The Department of Justice’s Antitrust Division imposed a $900,000 fine on Smithfield Foods Inc. today over what the government dubbed “gun jumping” in the company’s 2007 acquisition of Premium Standard Farms, LLC. Although the Antitrust Division did not mount an antitrust challenge to the acquisition itself, the Division objected to Smithfield exercising approval over Premium’s hog purchasing contracts approximately six months before the expiration of a federally mandated “waiting period” designed to give the Antitrust Division time to complete its investigation. Under the Hart-Scott-Rodino Act, mergers over a certain value must be submitted to the DOJ and Federal Trade Commission before they are consummated. During this “waiting period,” the DOJ or FTC is free to open a formal investigation (with no time limits attached) and seek virtually unlimited access to the companies’ files without having to abide by constitutional due process requirements. In all but a few cases, the agencies terminate the waiting period and allow the merger to proceed.
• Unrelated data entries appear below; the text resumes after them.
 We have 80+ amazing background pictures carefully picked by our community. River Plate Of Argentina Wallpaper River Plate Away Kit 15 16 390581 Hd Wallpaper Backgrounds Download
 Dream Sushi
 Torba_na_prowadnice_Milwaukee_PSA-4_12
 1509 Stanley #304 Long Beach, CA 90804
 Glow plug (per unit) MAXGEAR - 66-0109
Here, the DOJ claimed that “Smithfield exercised operational control over a significant segment of Premium Standard’s business prior to the expiration of the waiting period” – referring to Smithfield’s approval of three multi-year contracts to purchase hogs – in defiance of government authority. The DOJ objected to Premium even providing Smithfield with information about the hog contracts during the “waiting period.”
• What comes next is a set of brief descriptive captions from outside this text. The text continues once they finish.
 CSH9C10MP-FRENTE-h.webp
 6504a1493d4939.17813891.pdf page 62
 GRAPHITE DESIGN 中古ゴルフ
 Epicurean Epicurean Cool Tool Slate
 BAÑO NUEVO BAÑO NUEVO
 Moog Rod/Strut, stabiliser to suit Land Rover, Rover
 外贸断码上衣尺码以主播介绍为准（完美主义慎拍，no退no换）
The antitrust statutes themselves are, of course, unconstitutional and a naked violation of property rights. But the Hart-Scott-Rodino “waiting period” is an especially egregious prior restraint. It violates property rights simply for the convenience of government antitrust lawyers. There is no requirement that the state demonstrate any imminent harm to consumers or “competition”; only that the estimated value of the deal exceeds an arbitrary threshold. It would be like imposing a thirty-day waiting period on the distribution of a newspaper that exceeds a certain distribution threshold – so that the government could review the publication for potential copyright infringement.
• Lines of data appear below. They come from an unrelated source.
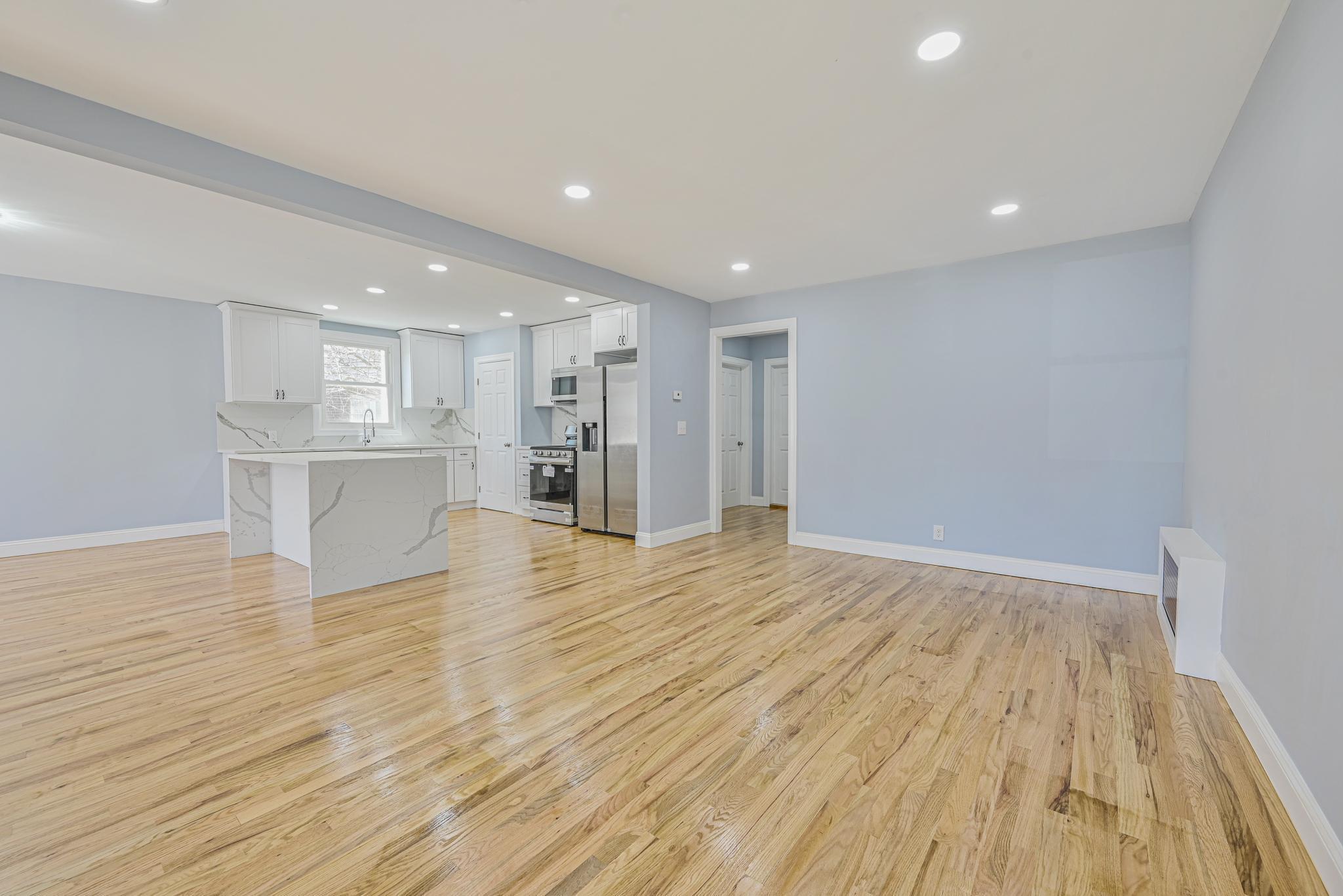 49 Carol Street, West Hempstead, NY 11552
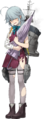 KanMusu284HDDmgIllustTsuyu2025.png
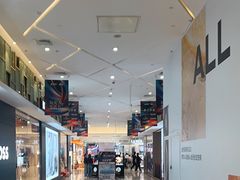 -上海第一八佰伴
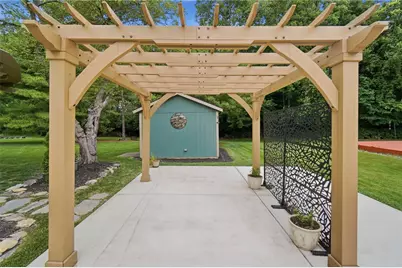 3786 E Maple Grove Lane, Beavercreek, OH 45440 - Photo 31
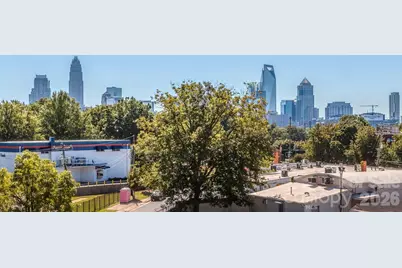 1919 W Trade Street, Charlotte, NC 28216 - Photo 26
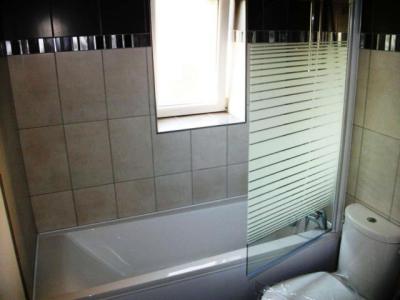 For rent Sars-poteries 1 room 81 m2 Nord (59216) photo 1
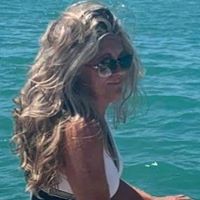 Profile Picture of Jodi Sauer (@jodi-sauer-1) on Quora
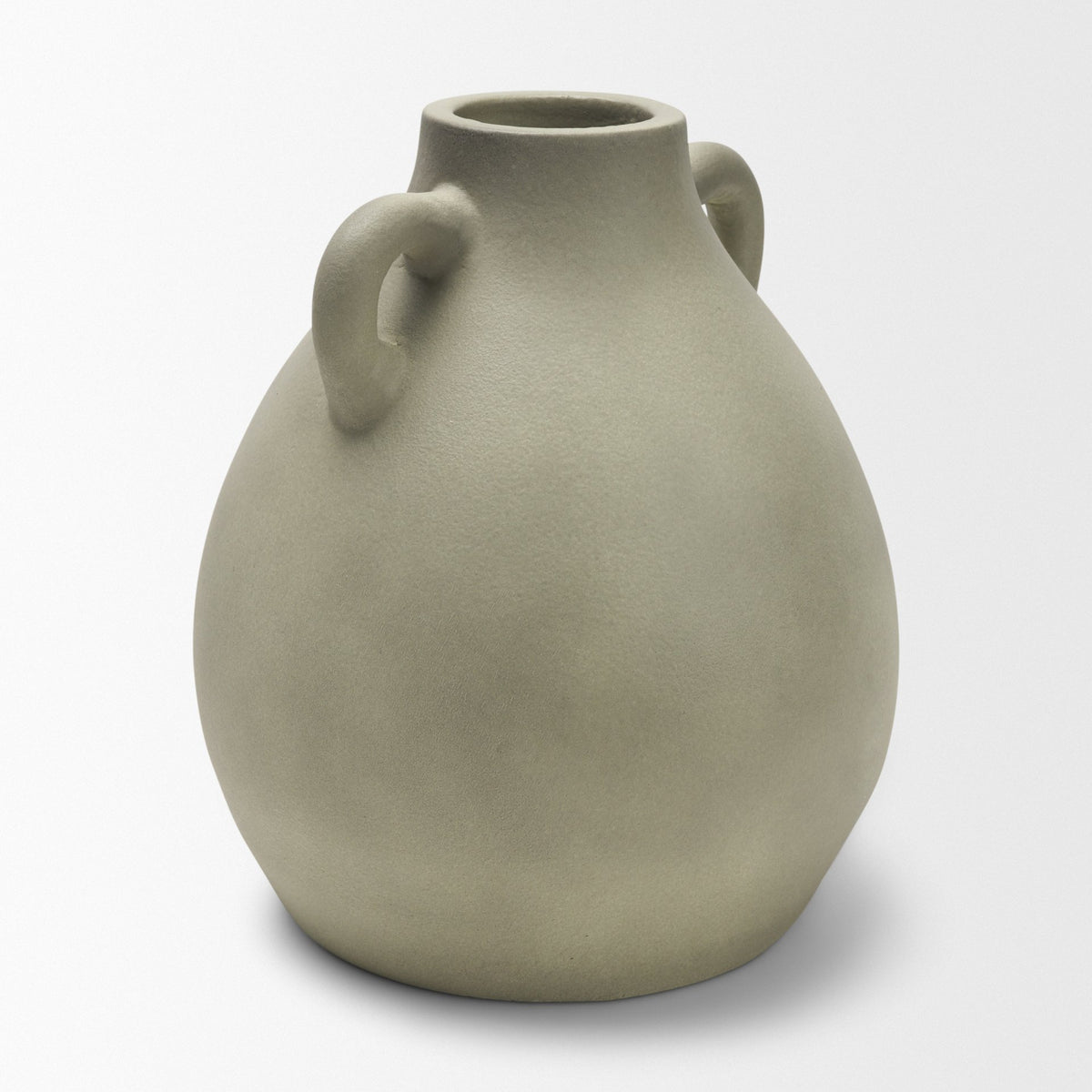 Cantara Ceramic Milk Jug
The other side of this is that in those few mergers subject to additional scrutiny, there are no time limits or constraints on the DOJ or FTC’s activities. Some mergers have been subjected to “reviews” of more than two years, requiring firms to spend eight-figure sums on their own attorneys. These reviews can encompass millions of documents and often involve business matters completely unrelated to the “competitive” aspects of the merger. They’re fishing expeditions, nothing more, and the targeted firms generally have no recourse to put a stop to it.